2. Tespit davası, kendine özgü davalardan olup dava sonucunda istihsal edilecek ilâmın icra ve infaz kabiliyeti bulunmamaktadır. Bunun doğal sonucu olarak da bu davaların uygulama alanı sınırlıdır. Bilindiği üzere, tespit davalarının görülebilmesi için güncel hukuki yararın bulunması (6100 s.lı HMK 106/2 m) ve dava sonuçlanıncaya kadar da güncelliğini kaybetmemesi gerekir. Tespit davaları eda davalarının öncüsüdür, bu nedenle eda davası açılmasının mümkün olduğu hâllerde, tespit davası açılmasında hukuki yararın bulunmadığı kabul edilmektedir.

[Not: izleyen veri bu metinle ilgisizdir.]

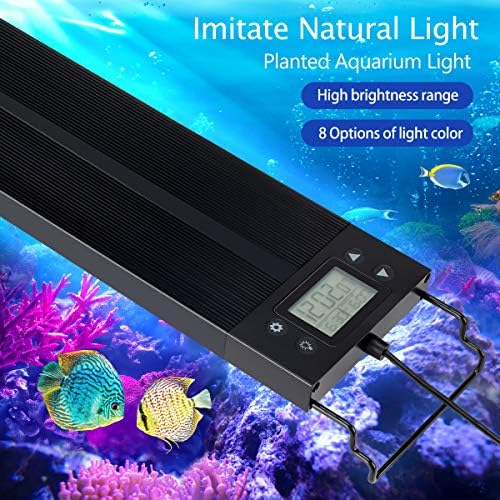 Zamanlayıcı ile LED akvaryum ışığı, Uzatılabilir Parantezli Otomatik Açma / Kapama Balık Tankı Işığı 12 18 24 30 36 Tatlı Su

Hukuki yararın bulunması dava şartı olup, yargılamanın her aşamasında taraflarca ileri sürülebileceği gibi, hâkim tarafından da re’sen gözetilir. Hukuki yararın bulunmadığının tespiti hâlinde davanın, dava şartı yokluğu gerekçesiyle usulden reddine karar verilmelidir (HMK 114/1-h, 115 m.).

3. Öğretide ve Yargıtayın devamlılık gösteren uygulamalarında, taşınmaz hakkında derdest ortaklığın giderilmesi davasının, kentsel dönüşüm uygulamasının ya da kamulaştırma işleminin bulunması gibi istisnai durumlarda muhdesatın tespiti davasının açılmasında güncel hukuki yararın bulunduğu kabul edilmektedir.

3. Değerlendirme
1. Mahkemelerin nihai kararlarının bozulması 6100 … Kanun’un geçici 3 üncü maddesinin ikinci fıkrası atfıyla uygulanmasına devam olunan mülga 1086 … Kanun’un 428 inci maddesi ile 439 uncu maddesinin ikinci fıkrasında yer alan sebeplerden birinin varlığı hâlinde mümkündür.

2. Temyizen incelenen mahkeme kararının bozmaya uygun olduğu, kararda ve kararın gerekçesinde hukuk kurallarının somut olaya uygulanmasında bir isabetsizlik bulunmadığı, bozmaya uyulmakla karşı taraf yararına kazanılmış hak durumunu oluşturan yönlerin ise yeniden incelenmesine hukukça imkân bulunmadığı anlaşılmakla; temyiz dilekçesinde ileri sürülen nedenler kararın bozulmasını gerektirecek nitelikte görülmemiştir.

VI. KARAR
Açıklanan sebeplerle;
Davalı vekilinin yerinde görülmeyen tüm temyiz itirazlarının reddi ile usul ve kanuna uygun olan kararın ONANMASINA,

Harçlar Kanunu’nun 13/j maddesi gereğince Hazine harçtan muaf olduğundan harç alınmasına yer olmadığına,

Dosyanın Mahkemesine gönderilmesine,

Kararın tebliğinden itibaren 15 gün içinde karar düzeltme yolu açık olmak üzere,

25.10.2023 tarihinde oy birliğiyle karar verildi.